[What is being asked]: In the listing below, find the line holding "1pc/5pcs Transparent Mesh" and the line holding "VINTAGE Everlast Forged". Write out those two lines and all lines between, exactly, and nothing more.

[Excerpted records]:
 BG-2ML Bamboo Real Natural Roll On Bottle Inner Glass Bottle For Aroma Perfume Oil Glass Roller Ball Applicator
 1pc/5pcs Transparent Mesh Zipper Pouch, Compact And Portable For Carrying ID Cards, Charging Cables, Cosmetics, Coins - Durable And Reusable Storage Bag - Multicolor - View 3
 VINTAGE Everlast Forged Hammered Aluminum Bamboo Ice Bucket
* * *
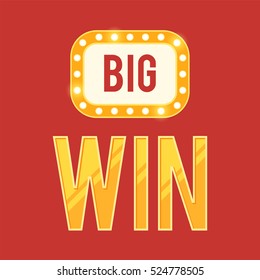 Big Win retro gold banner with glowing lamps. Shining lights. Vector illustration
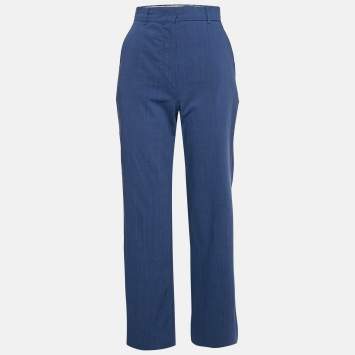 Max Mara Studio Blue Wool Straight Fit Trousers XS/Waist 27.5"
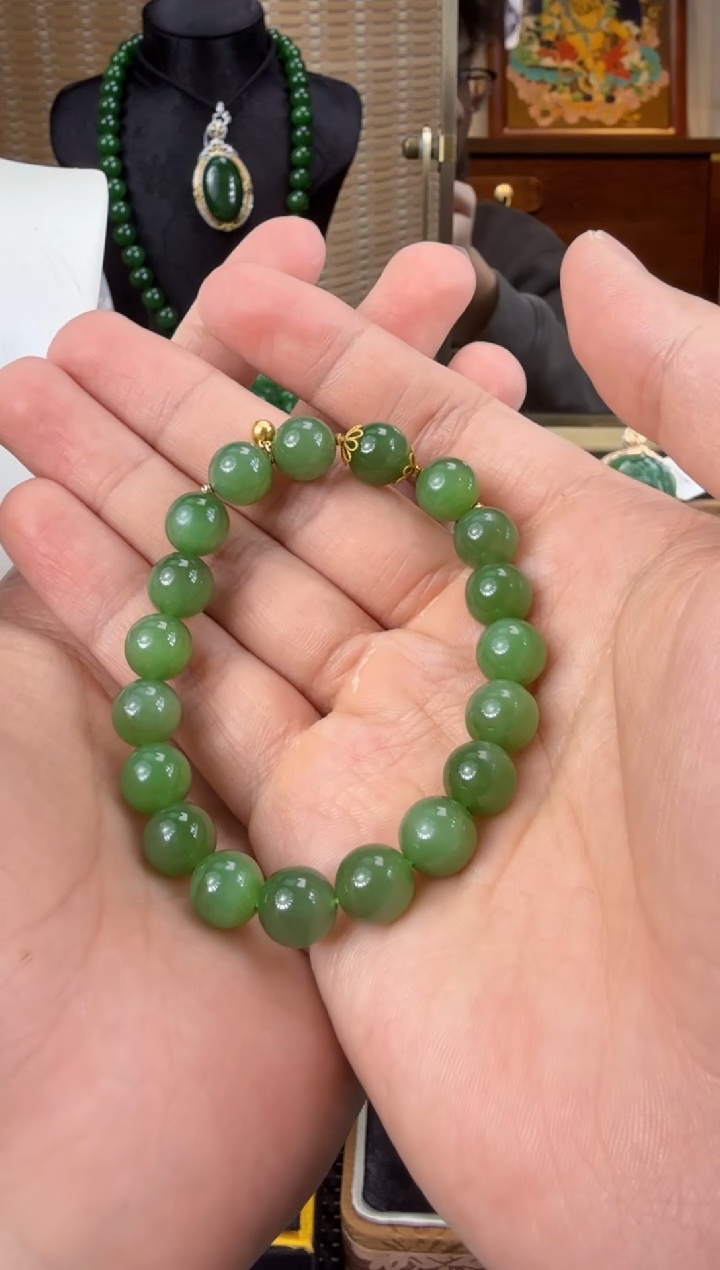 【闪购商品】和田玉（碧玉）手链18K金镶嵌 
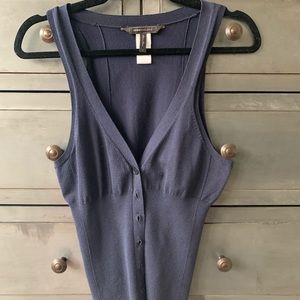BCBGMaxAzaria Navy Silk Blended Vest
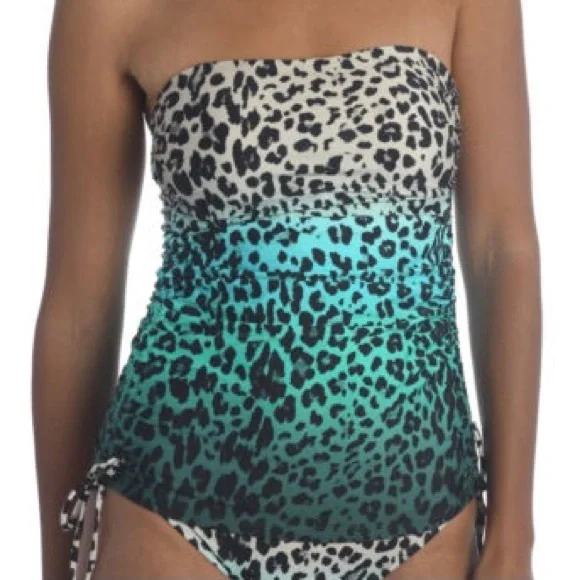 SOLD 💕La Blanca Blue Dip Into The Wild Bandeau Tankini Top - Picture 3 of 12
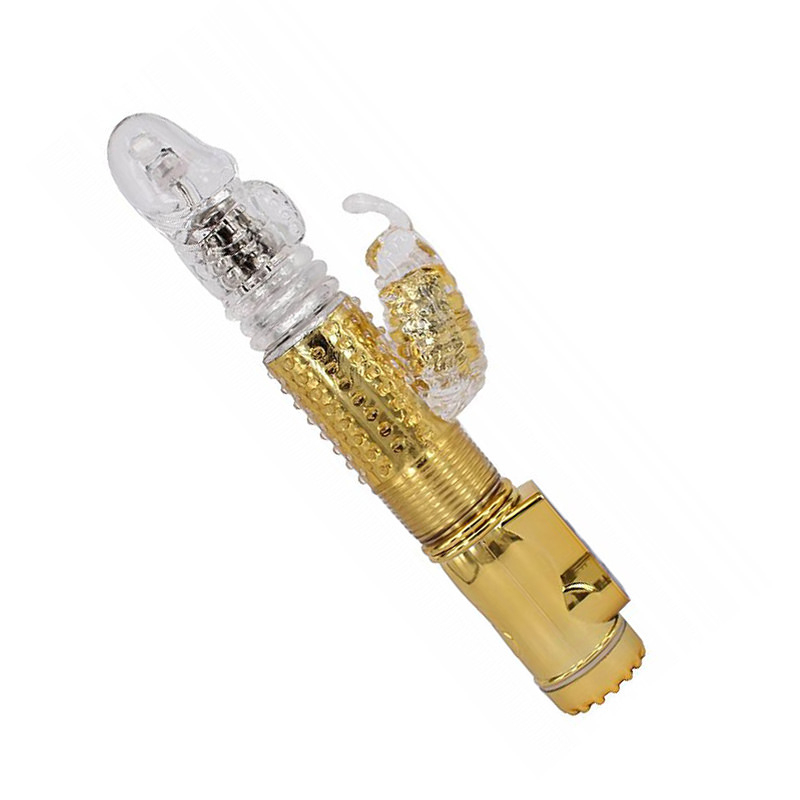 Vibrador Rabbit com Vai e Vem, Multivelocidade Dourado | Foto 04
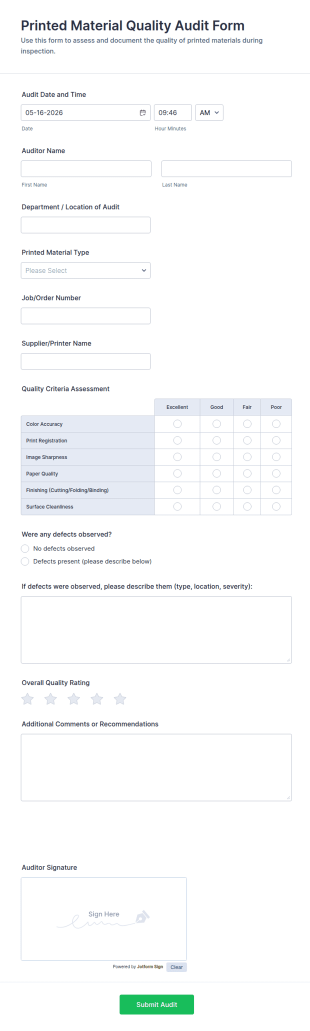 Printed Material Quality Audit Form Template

[Solved problem]:
 1pc/5pcs Transparent Mesh Zipper Pouch, Compact And Portable For Carrying ID Cards, Charging Cables, Cosmetics, Coins - Durable And Reusable Storage Bag - Multicolor - View 3
 VINTAGE Everlast Forged Hammered Aluminum Bamboo Ice Bucket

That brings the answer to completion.